Material supplied START

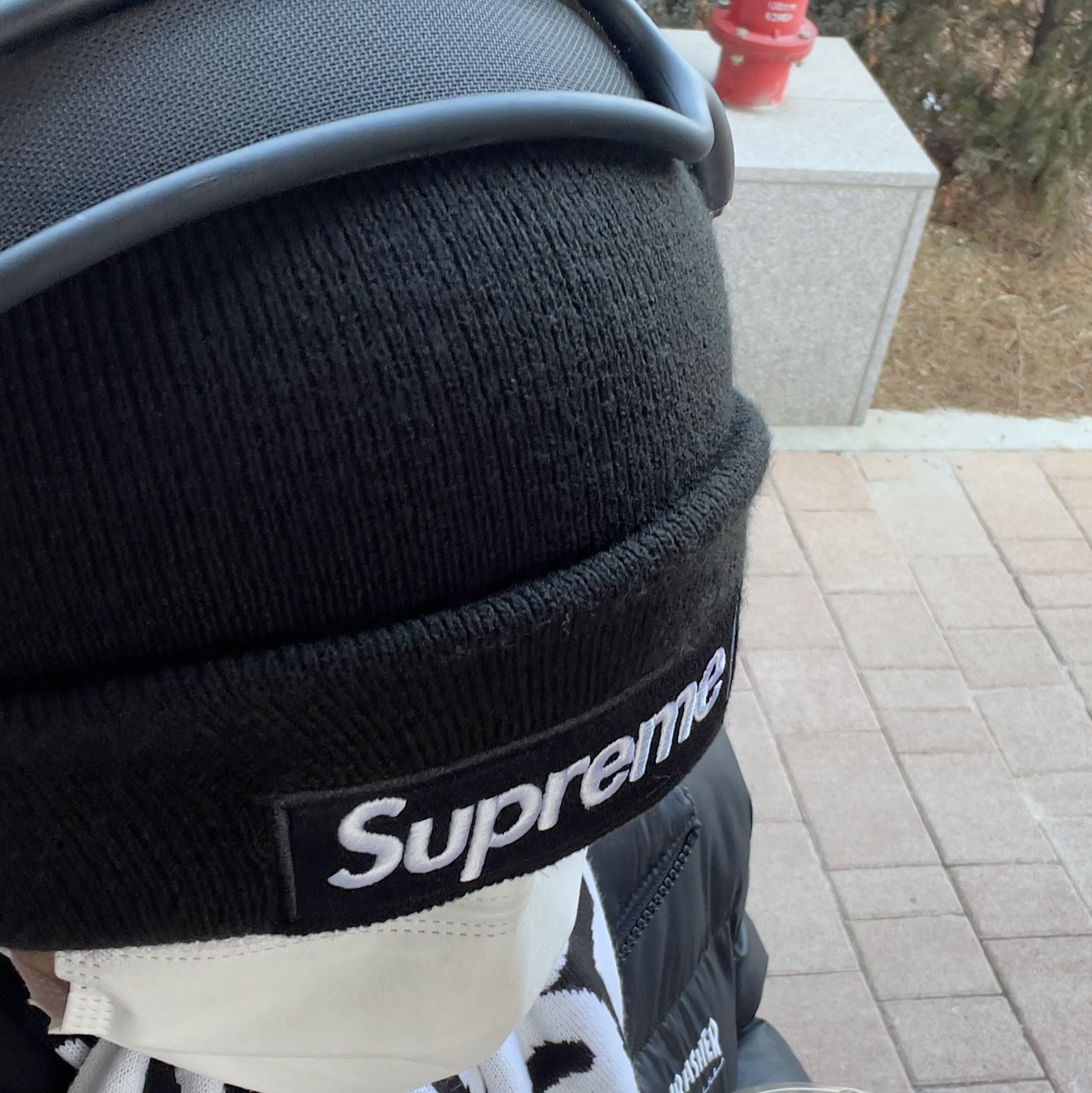 Supreme New Era Box Logo Beanie Black - 23FW, Apple AirPods Max Lightning Space Gray (Korean Ver.) 착용 스타일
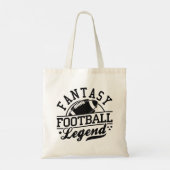 Fantasy Football Legend Tote Bag (Achterkant)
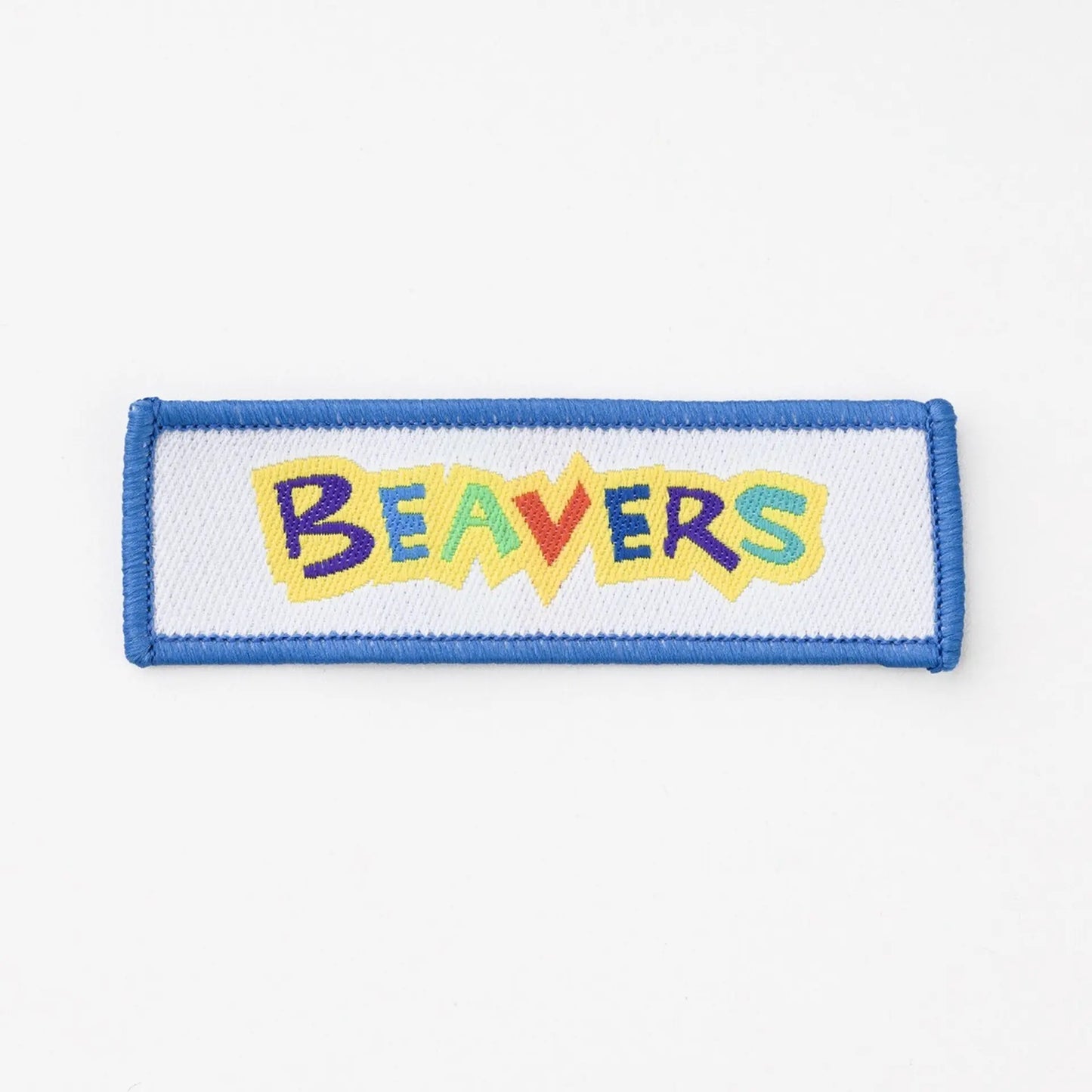 Beavers Logo Blanket Badge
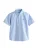 Next Overhemd  navy / pastelblauw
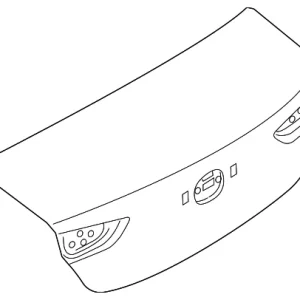 Trunk Lid - Mazda (BCY0-52-61XB)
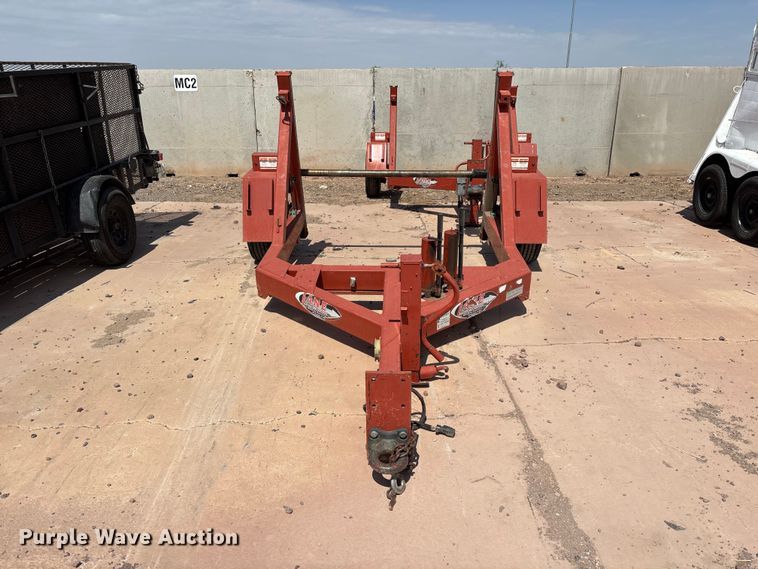 image for item YA3945 2020 Lane Trailer Manufacturing Co. reel trailer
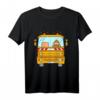 Kinder Müllauto Müllabfuhr Fahrzeug T-Shirt mit Müllmann - Perfekt für kleine Fahrzeugfans und Müllwagenliebhaber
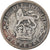 Coin, Great Britain, George V, 6 Pence, 1925, F(12-15), Silver, KM:815a.1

Material supplied END

Transcribe each entry precisely as given, leaving the pictures out.

- Answer box
 Supreme New Era Box Logo Beanie Black - 23FW, Apple AirPods Max Lightning Space Gray (Korean Ver.) 착용 스타일
 Fantasy Football Legend Tote Bag (Achterkant)
 Beavers Logo Blanket Badge
 Next Overhemd  navy / pastelblauw
 Trunk Lid - Mazda (BCY0-52-61XB)
 image for item YA3945 2020 Lane Trailer Manufacturing Co. reel trailer
 Kinder Müllauto Müllabfuhr Fahrzeug T-Shirt mit Müllmann - Perfekt für kleine Fahrzeugfans und Müllwagenliebhaber
 Coin, Great Britain, George V, 6 Pence, 1925, F(12-15), Silver, KM:815a.1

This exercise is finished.